**DATA FOR THE TASK:**
--*--

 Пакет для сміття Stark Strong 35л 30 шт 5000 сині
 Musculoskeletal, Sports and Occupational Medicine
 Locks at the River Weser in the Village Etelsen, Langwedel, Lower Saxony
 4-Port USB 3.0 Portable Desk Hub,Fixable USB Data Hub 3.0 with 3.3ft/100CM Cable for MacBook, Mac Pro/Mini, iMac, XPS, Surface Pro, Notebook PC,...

--*--

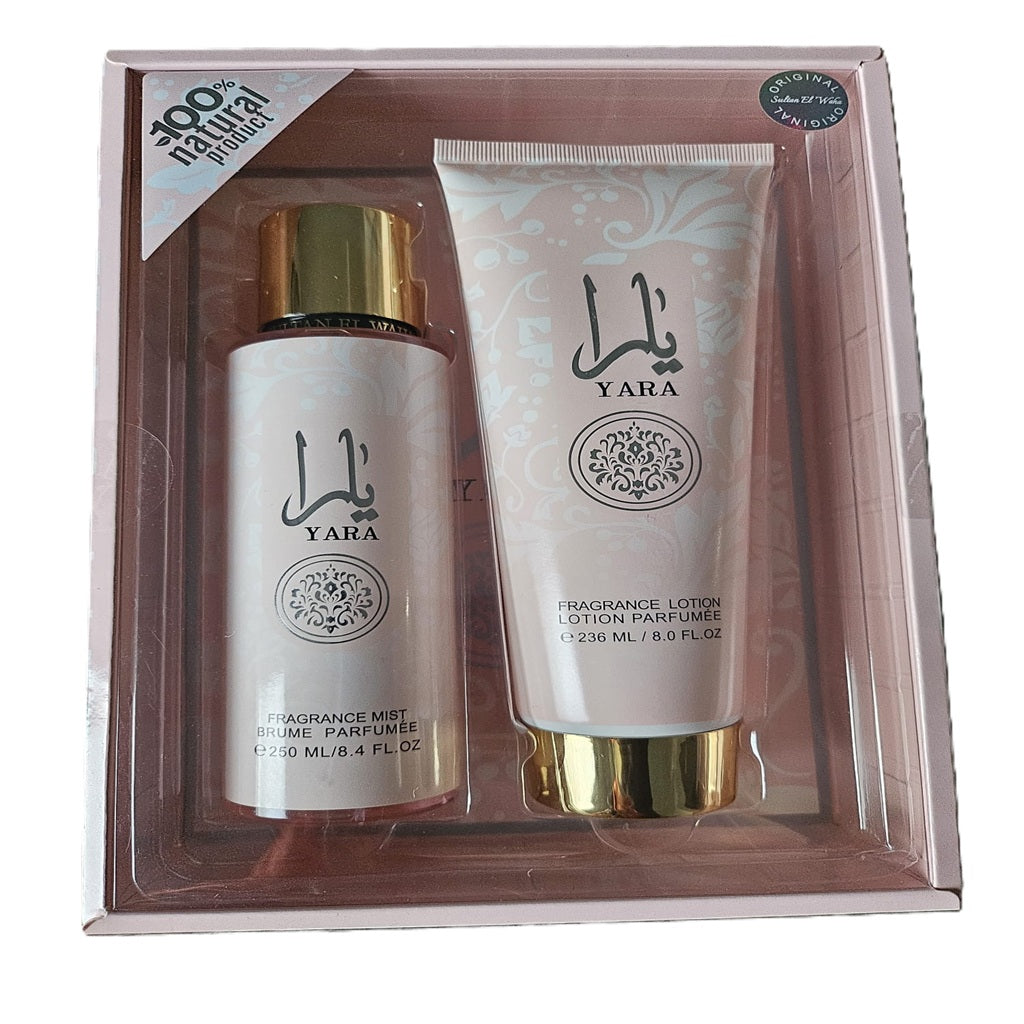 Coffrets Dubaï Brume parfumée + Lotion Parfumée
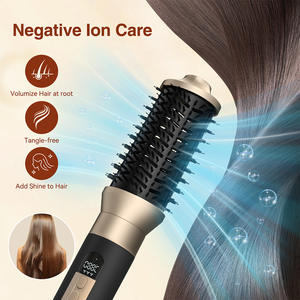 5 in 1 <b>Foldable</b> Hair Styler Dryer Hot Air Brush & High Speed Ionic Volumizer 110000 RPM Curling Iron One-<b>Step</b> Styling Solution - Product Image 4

--*--

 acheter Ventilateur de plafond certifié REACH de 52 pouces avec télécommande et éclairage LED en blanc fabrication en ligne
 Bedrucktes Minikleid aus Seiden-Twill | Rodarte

--*--

**TASK ITEM:**
For the data above, set down exactly the lines from the line with "Coffrets Dubaï Brume" to the line with "5 in 1 <b>Foldable</b>", both included, leaving pictures out.

**RESPONSE AREA:**
 Coffrets Dubaï Brume parfumée + Lotion Parfumée
 5 in 1 <b>Foldable</b> Hair Styler Dryer Hot Air Brush & High Speed Ionic Volumizer 110000 RPM Curling Iron One-<b>Step</b> Styling Solution - Product Image 4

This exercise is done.